I am Karishma Singh Kelsey, a social justice advocate, educator of enterprise, business and design, a social restoration fashion entrepreneur, designer and a community builder
Through a post growth, systems thinking lens, my mission is to explore plural possibilities for post growth fashion systems ,through indigenous systems design rooted in self, education,and enterprise, that encourage us to look at alternative ways of living with our clothes that respect ecological limits.
As a child born in the inequality and injustice of Apartheid South Africa, I became a proponent of true equality, plurality and inclusion at a young age starting as an underground, grassroots youth activist for equal rights, to the creation of a disruptive social enterprise of fashion called Karishma Design. I bring to the table 30 years of wisdom, knowledge, empathy, a collaborative spirit and understanding from working in the corporate fashion system as a retail designer in the business of fashion, to working with a diverse range of ethic minorities including: indigenous groups of artisans, farmers, makers and crafters from the remote villages of Southern and central Africa to far off mountain villages of South East Asia, South Asia, and now the Pacific.

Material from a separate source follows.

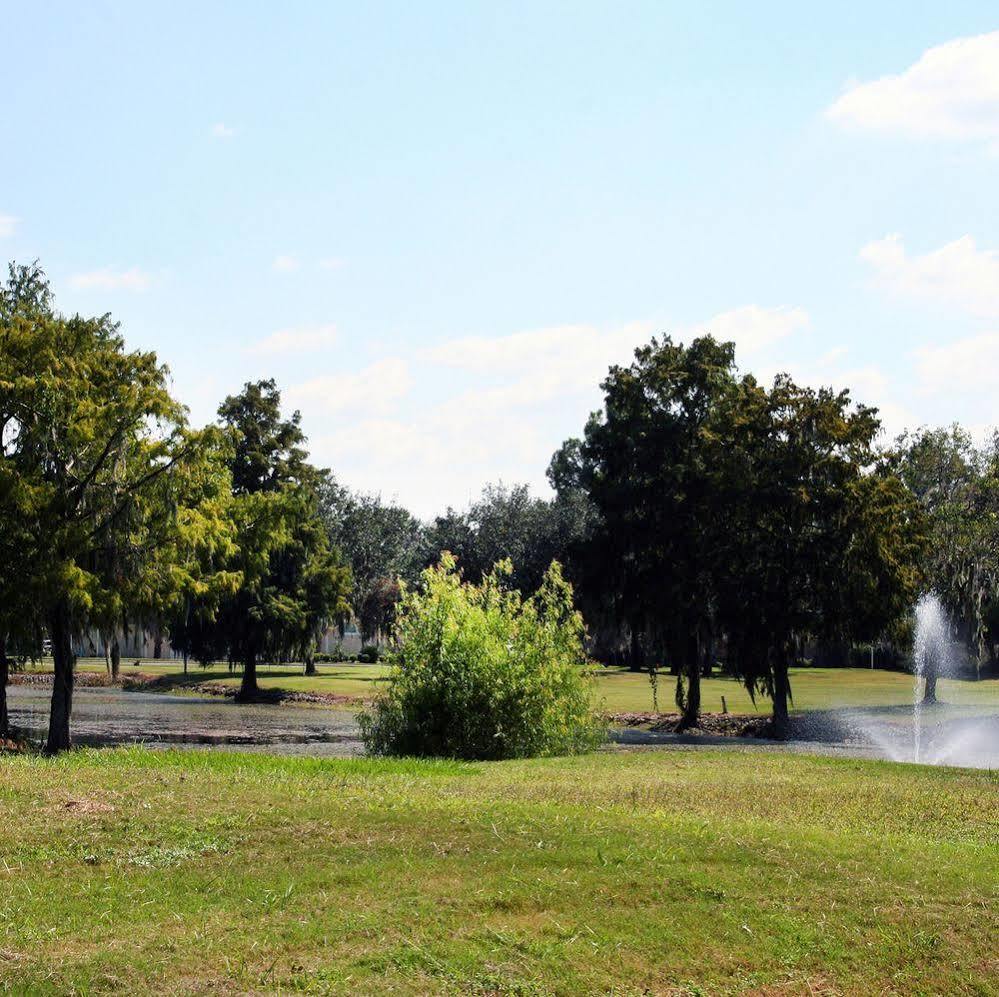 Columbia Lakes Hotel & Conference Center West Columbia ภายนอก รูปภาพ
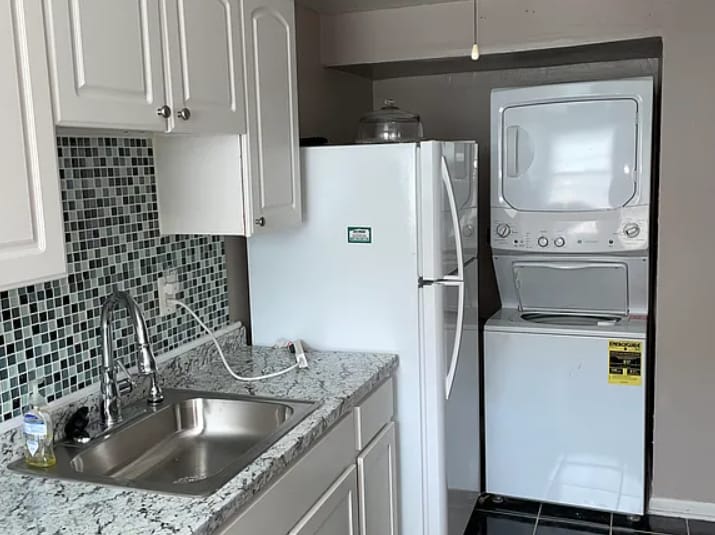 Kitchen View 2 - Washer and Dryer Set - 1012 N Central Ave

In 2003, I founded the social enterprise, Karishma Design, a vehicle for disrupting and democratizing the current fashion system through socio-economic restoration. I have had the opportunity to travel the globe and work with both large production houses in China as well as micro businesses and artisans in using a variety of indigenous wisdoms to co-create slow fashion ranges from waste textiles (before this was trendy). These projects were a continuous process of learning and unlearning. This socially and culturally empowered framework on business is what we have termed dharmic/conscious enterprise, and is the foundation upon which Karishma Design was created. As part of our equity building strategy, we developed micro-manufacturing and skills learning workshops owned and operated by the artisanal communities with whom we co-created. These spaces were led by women or other marginalized groups such as the LBGTQ+ and people with disability, with the intention for these spaces to create social economic opportunity whilst protecting and preserving their own indigenous values and ways of being.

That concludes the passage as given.